[Dataset content — start]

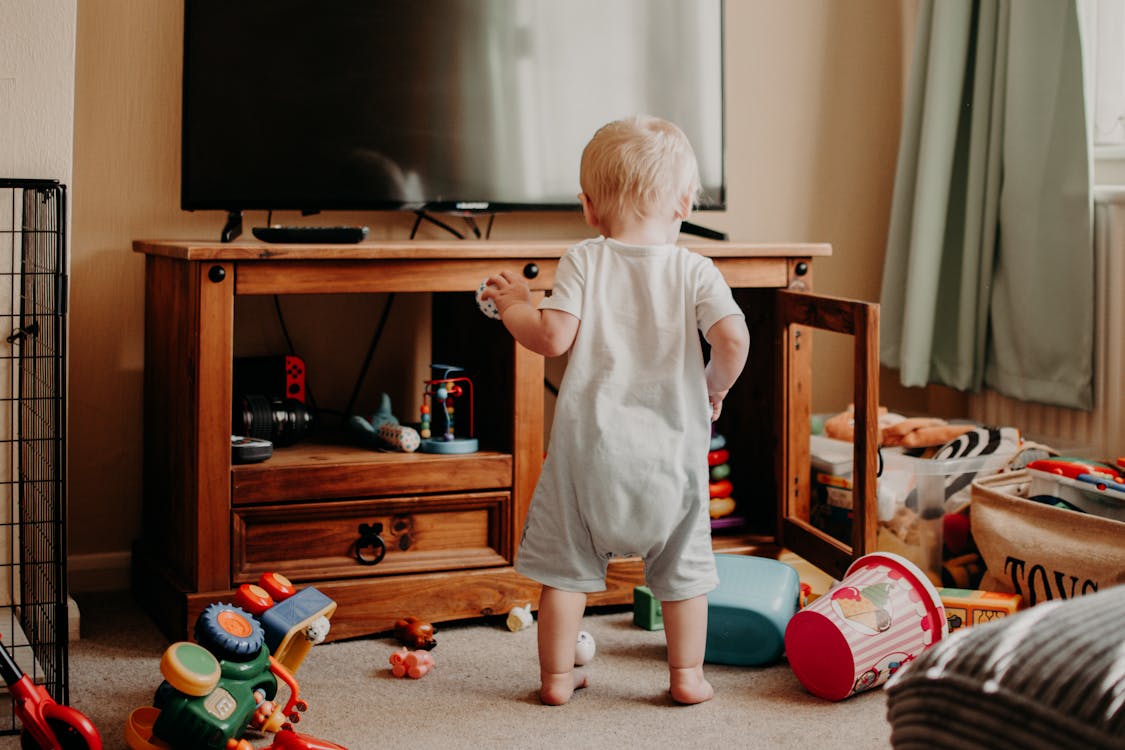 Toddler playing around clutter of toys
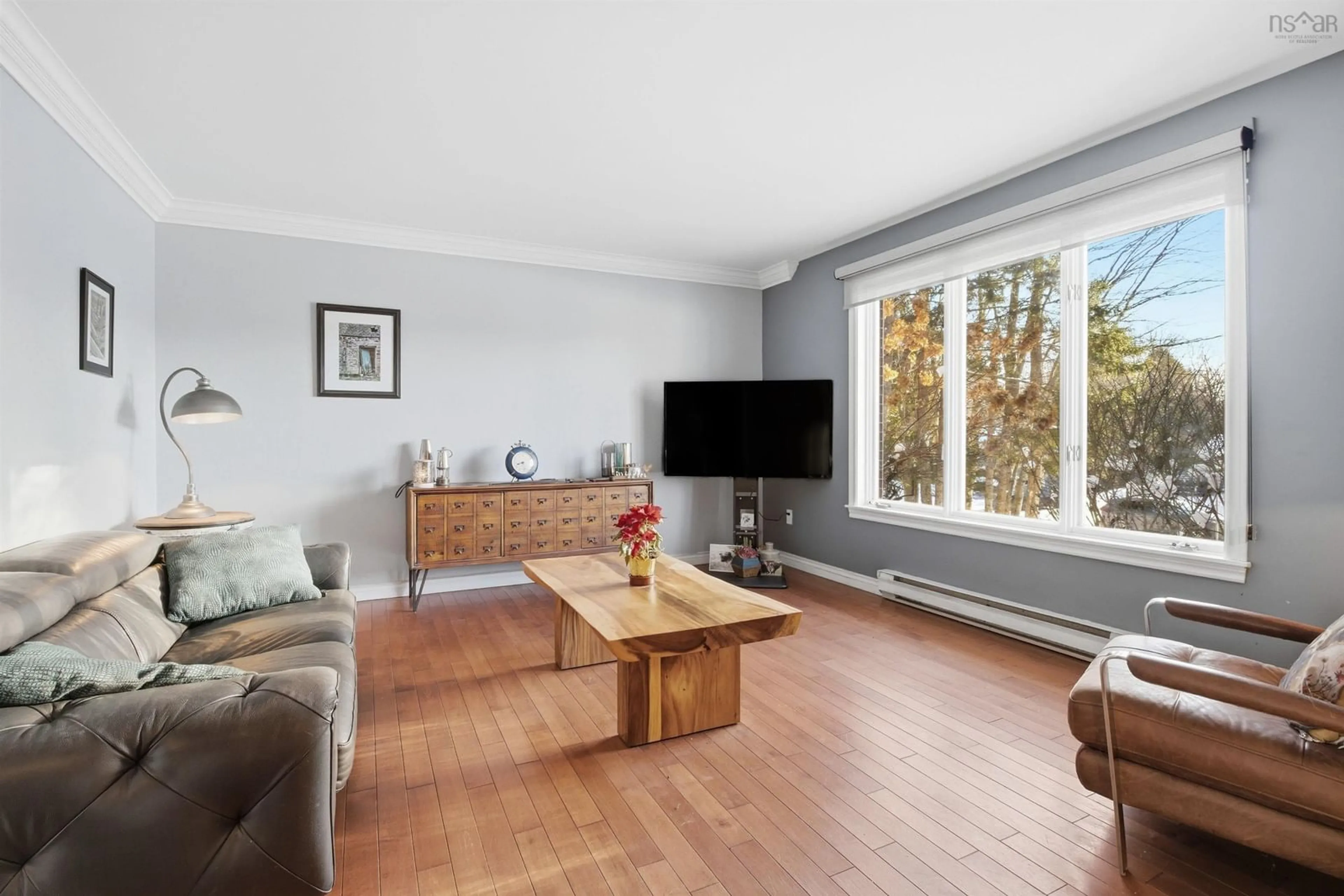 Living room with furniture, wood/laminate floor for 87 Saywood Dr, Bible Hill Nova Scotia B6L 4H1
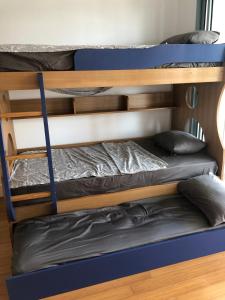 two bunk beds in a dorm room with at Eden Island Apartment with a View in Sidi el Haj Bou Derbala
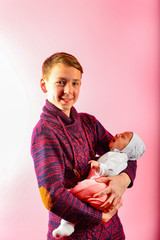 Young dad holds a newborn baby in his arms in the studio on a pink background.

[Dataset content — finish]

Exercise prompt.
What is needed is an exact repeat of only the lines from the one containing "Living room with" through the last line of the listing above, both ends included, without the pictures.

Answer for the task.
 Living room with furniture, wood/laminate floor for 87 Saywood Dr, Bible Hill Nova Scotia B6L 4H1
 two bunk beds in a dorm room with at Eden Island Apartment with a View in Sidi el Haj Bou Derbala
 Young dad holds a newborn baby in his arms in the studio on a pink background.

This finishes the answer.